Wie schon die Vorlage versteht sich der Film als Hommage an die Horrorgeschichten der 50er Jahre. Doch erzielt er – wie jeder gute Horror – eine gewisse universale Qualität, da er doch weniger von bizarren Monstern als von Menschen erzählt, ihrer Weltsicht, ihren Reaktionen. Das wahre Grauen kommt nämlich gar nicht aus dem bösen Gewölk – es befindet sich bereits im Supermarkt.

Die Makulatur des friedlichen Miteinanders zerbröselt in extremen Situationen. Die Gefahr im Nebel löst Angst aus, und Angst – so der wenig eloquente Subtitel des Films – verändert alles. Sie setzt eine verhängnisvolle Dynamik in Gang, welche die Gruppe schließlich sprengt: Anführer und Mitläufer, Aufwiegler und Beschwichtiger, Nihilisten und Idealisten. Entscheidungen müssen getroffen werden, und das Abwägen zwischen Eigennutz und Edelmut fällt nicht jedem leicht.

Also hängt man sich an Parteien und Meinungsführer. Da gibt es Drayton, den Pragmatiker, der eine Gruppe rationaler Geister um sich versammelt und altruistische Ideale hochhält. Auf der anderen Seite gibt es Mrs. Carmody, die religiöse Fanatikerin, um die herum sich spirituell angehauchte Fatalisten scharen.

Die Abwehraktionen gegen die Kreaturen aus der Nebelbank bergen so manch drastische Schockmomente, doch was die »aufgestachelten Gläubigen anrichten, stellt alles in den Schatten, was man in den letzten Jahren in einem Horrorfilm gesehen hat« (Sascha Westphal in der »Welt«).

Dem wäre eigentlich nichts hinzuzufügen … gäbe es da nicht das schlimme Ende, dass Darabont dem Film in Abweichung vom ungleich besseren, offenen Ausgang der Novelle verpasst hat.
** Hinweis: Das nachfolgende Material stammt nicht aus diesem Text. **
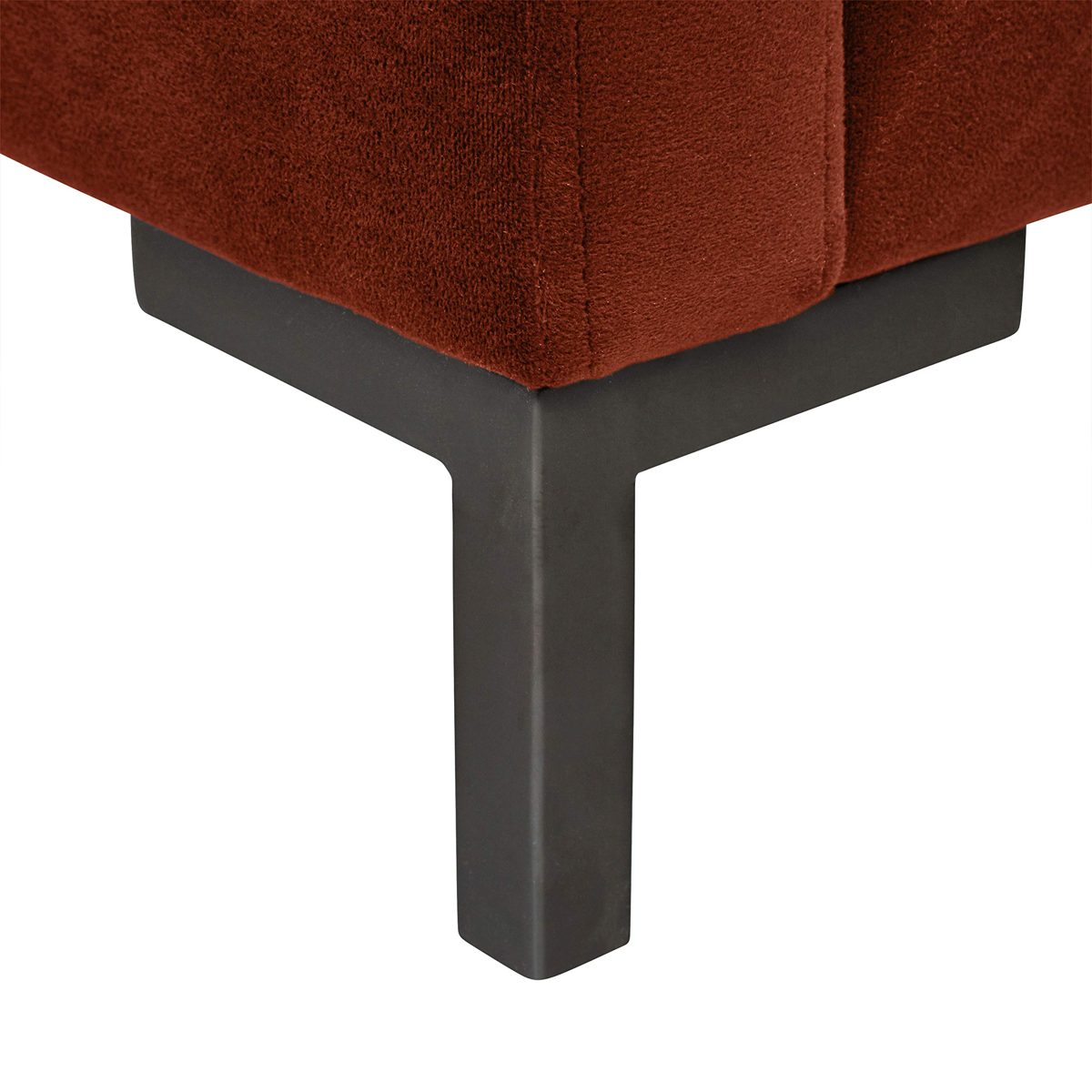 Amazon Brand – Rivet Edgewest Low Back Modern Accent Chair, 34"W, Rouge Red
Eine böse, zynische Pointe, die den Zuschauer jäh aus dem Film herausreißt, weil sie in so krassem Gegensatz zur restlichen Handlung steht und reichlich unmotiviert inszeniert ist. Schade, schade.

Ein Gefühl der Frustration beschlich mich, als ich den Saal verließ. Der Grusel war verflogen, die Illusion lag in Scherben. Das Gebäude entließ mich ohne Verzug, ich trat auf die Straße. Eine nüchterne Nacht umfing mich, ihre Luft kühl und klar. Ich blickte auf. Der unheimliche Nebel, er war verschwunden.

3 Reaktionen zu “Kein Mist: »Der Nebel«”

  1. Cobalt

    ich dachte erst, es geht um das rauchverbot *hehe*

  2. ThoHa

    Ich mochte die Novelle auch gerne, vor allem aber hat mich damals das Hörspiel weggeblasen, das es in Kunstkopf-Stereo-Technik gab und (v.a. weil man das ja am besten mit Kopfhörer hört) für sehr gruselige Momente unter der Bettdecke sorgte. Darabont ist solide, mehr schafft er leider meist nicht.

  3. San Andreas

    Ach doch… zugute halten muss man ihm auch, dass er die Drehbücher selbst schreibt und vor allem imstande ist, werkgetreu zu adaptieren. Das Mist-Ende allerdings- keine Ahnung, was ihn da geritten hat. Kumpel King mochte es aber, laut eigener Aussage, zumindest »on the page«.